これまで農園を経営してきた父(先代)とのコミュニケーションがとても難しかったです。今もそうですが、当時は喧嘩をすることも多々ありました。これは事業承継をされる方にとっては珍しくないことだと思います。

また、農業は他業種と比べて”数値化”が難しいです。例えば、品質の良いぶどうを収穫できた時に、何が起因して質の良いぶどうを収穫できたか明確には計ることができません。「天気が良かったから?栽培方法が良かったから?栽培方法ならどこが効いてるのか?」など、上手くいっても何とでも理由をつけることができますし、たとえ失敗しても明確な原因が分かりません。
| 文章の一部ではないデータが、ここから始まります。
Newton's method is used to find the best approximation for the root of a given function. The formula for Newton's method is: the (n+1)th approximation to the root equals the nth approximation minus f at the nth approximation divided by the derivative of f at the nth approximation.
後継者としてぶどうを売ることはできても、それよりも前の”栽培”という点でどうしても成果を出しづらく認めてもらいにくい果樹農業は、特に事業承継が難しいと感じました。

 

――事業承継後、実際にブドウ農園を営む中で大変なことはございますか?

実際に果樹農業を営んでみて、とても縛りが多いと感じています。果樹農業はリードタイムが非常に長く、苗木を植えてから収穫までに5年程かかります。投資をしてもすぐに回収することができず、先を見据え長期スパンで考えなければならず、時に思い切りも必要です。そこが運営しながらもどかしく感じています。
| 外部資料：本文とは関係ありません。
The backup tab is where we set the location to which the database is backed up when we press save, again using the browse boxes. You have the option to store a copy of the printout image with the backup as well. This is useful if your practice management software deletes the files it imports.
また、季節によって忙しさが変わります。夏場の数か月でぶどうを全て収穫するのでその時期はとても忙しいですが、逆に冬場はそこまで忙しくありません。季節によってオンとオフの差が激しいので、なかなか常時雇用ができないこともあります。従業員はおらず、夏場はパートさんにお手伝いしてもらいながら農園を運営しています。また、農業を楽しんでもらうことを目的に「ガチボラ」と題して、農業を実際に体験しながらお手伝いしてもらうボランティアの方々の手を借りたりもしています。

 

――「あの時にああしておけばよかったな。」事業承継をした今だからと感じることはございますか?

就農前に、きちんと就農後の条件についてきちんと親と話しておけばよかったと思います。例えば、「給与面の話」や「何をしたくて農業をするのかといった想い」など、しっかりと話しておけば、就農後とのギャップをもっと埋められたと感じています。

また、経営状況をしっかりと理解しておくことも重要だと思います。私の場合、父は頑固な性格でぶつかることもありますが、しっかりと経営をできていたので、金銭面では苦労しませんでした。

世の中には、労働に対して業績を最大限引き上げられていない農家も多いです。長時間働いても実はあまり利益を上げられていないということを、継いだ後に気づいてしまうことになりかねないので、しっかりと経営状況を把握してリアリティを持ったうえで継いだほうが良いと思います。栽培技術は実際に就農すればいくらでも身に着けることができるので、経営に関することをしっかりと擦り合わせておく方が重要だと考えます。

 

新たなチャレンジ

――100年以上続く御社を後世に残していくために新しい事にもチャレンジしたりしていますか?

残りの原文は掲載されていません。